Putting Good and Bad in Context

A circular pattern resembling sound waves. It represents two dueling cyber futures: one good, one bad.
January 18, 2024

Dr. Herb Lin

Senior Research Scholar for Cyber Policy and Security, Stanford University

I am pleased to align myself with the Aspen Digital report on Envisioning Cyber Futures with AI.  Both the analysis of AI’s possible impact on cybersecurity (implicitly defined as protection of assets in cyberspace) and the recommendations for action (which are mostly aspirational) are sensible.

I raise two additional points for consideration.  First, the meaning of “good place” and “bad place” necessarily depends on context.  “Good” and “bad” are terms with strong moral and ethical connotations, and in the real world in which we live, those connotations cannot be ignored.  To first approximation, the report associates a “good place” with a world in which AI predominantly helps defenders of cyber systems, and a “bad place” with a world in which AI predominantly helps attackers of cyber systems. 

With canonical understandings of cybersecurity, these associations are understandable: defense is good, offense is bad.  But unfortunately, in the real world these associations aren’t quite so clear.  Bullet-proof vests are defensive—but it is not a good thing when criminals acquire bullet-proof vests.  Similarly, it is not at all clear to me, for example, that Russian use of AI to improve the cyber defenses of systems used to launch cyberattacks against Ukraine should be regarded as “good” or that the U.S. use of AI to improve its cyber attack capabilities against North Korean missile development programs should be regarded as “bad.”

Put differently, what is “good” and what is “bad” depends both on the specific actors involved as well as the actions.  Most importantly, I don’t believe that those in the U.S. Cyber Mission Force responsible for offensive cyber operations should be regarded as living and working in a bad place. But “bad” is an entirely appropriate descriptor for the people trying to steal credit card numbers from us or the hackers trying to feed us election disinformation.

A second important point follows.  Both good actors and bad actors will seek to use AI to improve their defensive and their offensive capabilities.  It is highly unlikely that the capabilities of cyber attack or defense relevant to specific organizations and installations will be uniformly favored by AI.  It is far more likely that AI will give attackers a (probably transient) advantage for attacking installation A and a defender a probably transient advantage for defending installation B.  Defenders will try to use AI to give themselves an advantage and sometimes they will succeed. The same is true for attackers.

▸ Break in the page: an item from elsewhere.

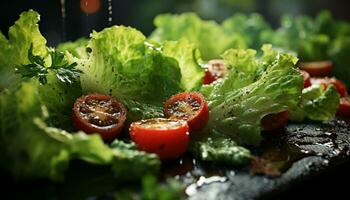 ai generado frescura en un plato saludable, vegetariano gastrónomo ensalada con orgánico ingredientes generado por ai foto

And neither side will always be successful.

At the same time, this point does not negate the analytical value of positing defense-advantaged and offense-advantaged archetypes as conceptual outcomes (or places, if you will) for how AI will affect defense and offense.  As the report says, establishing these archetypes provides two poles against which to measure potential actions, as well as what interventions would take an organization (or, at times, broader society) towards those futures.